Loading CSV files

Follow along with a notebook in Colab Google Colab

A CSV file can be loaded into an AuraDS instance using the LOAD CSV Cypher clause. For security reasons it is not possible to load local CSV files, which must be instead publicly accessible on HTTP or HTTPS servers such as GitHub, Google Drive, and Dropbox. Another way to make CSV files available is to upload them to a cloud bucket storage (such as Google Cloud Storage or Amazon S3) and configure the bucket as a static website.

In this example we will load three CSV files:

  • movies.csv: a list of movies with their title, release year and a short description

  • people.csv: a list of actors with their year of birth

  • actors.csv: a list of acting roles, where actors are matched with the movies they had a role in

Warning: The LOAD CSV command is built to handle small to medium-sized data sets, such as anything up to 10 million nodes and relationships.
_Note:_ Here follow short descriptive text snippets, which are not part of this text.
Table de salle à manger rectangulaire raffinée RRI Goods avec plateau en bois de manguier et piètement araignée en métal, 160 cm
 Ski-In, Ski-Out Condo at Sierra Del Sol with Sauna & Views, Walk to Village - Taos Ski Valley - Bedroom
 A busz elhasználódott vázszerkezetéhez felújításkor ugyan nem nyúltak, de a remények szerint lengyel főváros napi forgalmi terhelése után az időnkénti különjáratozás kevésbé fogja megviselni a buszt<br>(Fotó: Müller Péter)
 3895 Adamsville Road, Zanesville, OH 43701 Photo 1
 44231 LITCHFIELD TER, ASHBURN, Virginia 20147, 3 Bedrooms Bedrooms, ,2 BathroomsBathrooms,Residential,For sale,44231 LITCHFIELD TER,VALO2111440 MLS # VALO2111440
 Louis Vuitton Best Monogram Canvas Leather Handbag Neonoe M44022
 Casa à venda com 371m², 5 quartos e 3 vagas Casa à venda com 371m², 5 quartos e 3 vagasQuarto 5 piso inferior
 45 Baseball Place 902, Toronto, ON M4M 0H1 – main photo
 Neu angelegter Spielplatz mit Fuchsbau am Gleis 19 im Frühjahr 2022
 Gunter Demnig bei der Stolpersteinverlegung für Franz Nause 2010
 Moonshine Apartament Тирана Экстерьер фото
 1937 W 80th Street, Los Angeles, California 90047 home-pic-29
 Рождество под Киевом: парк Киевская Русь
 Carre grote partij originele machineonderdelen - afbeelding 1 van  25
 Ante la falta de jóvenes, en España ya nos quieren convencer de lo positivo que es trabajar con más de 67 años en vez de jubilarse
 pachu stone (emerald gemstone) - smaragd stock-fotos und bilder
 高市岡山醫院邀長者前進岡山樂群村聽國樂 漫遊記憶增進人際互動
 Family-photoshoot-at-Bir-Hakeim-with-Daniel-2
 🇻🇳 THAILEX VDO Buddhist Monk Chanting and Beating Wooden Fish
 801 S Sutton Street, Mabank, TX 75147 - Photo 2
You should avoid using this command for any data sets exceeding this limit.

Setup

For more information on how to get started using Python, refer to the Connecting with Python tutorial.

pip install graphdatascience
# Import the client
from graphdatascience import GraphDataScience

# Replace with the actual URI, username, and password
AURA_CONNECTION_URI = "neo4j+s://xxxxxxxx.databases.neo4j.io"
AURA_USERNAME = "neo4j"
AURA_PASSWORD = ""

# Configure the client with AuraDS-recommended settings
gds = GraphDataScience(
    AURA_CONNECTION_URI,
    auth=(AURA_USERNAME, AURA_PASSWORD),
    aura_ds=True
)

In the following code examples we use the print function to print Pandas DataFrame and Series objects. You can try different ways to print a Pandas object, for instance via the to_string and to_json methods; if you use a JSON representation, in some cases you may need to include a default handler to handle Neo4j DateTime objects. Check the Python connection section for some examples.

For more information on how to get started using the Cypher Shell, refer to the Neo4j Cypher Shell tutorial.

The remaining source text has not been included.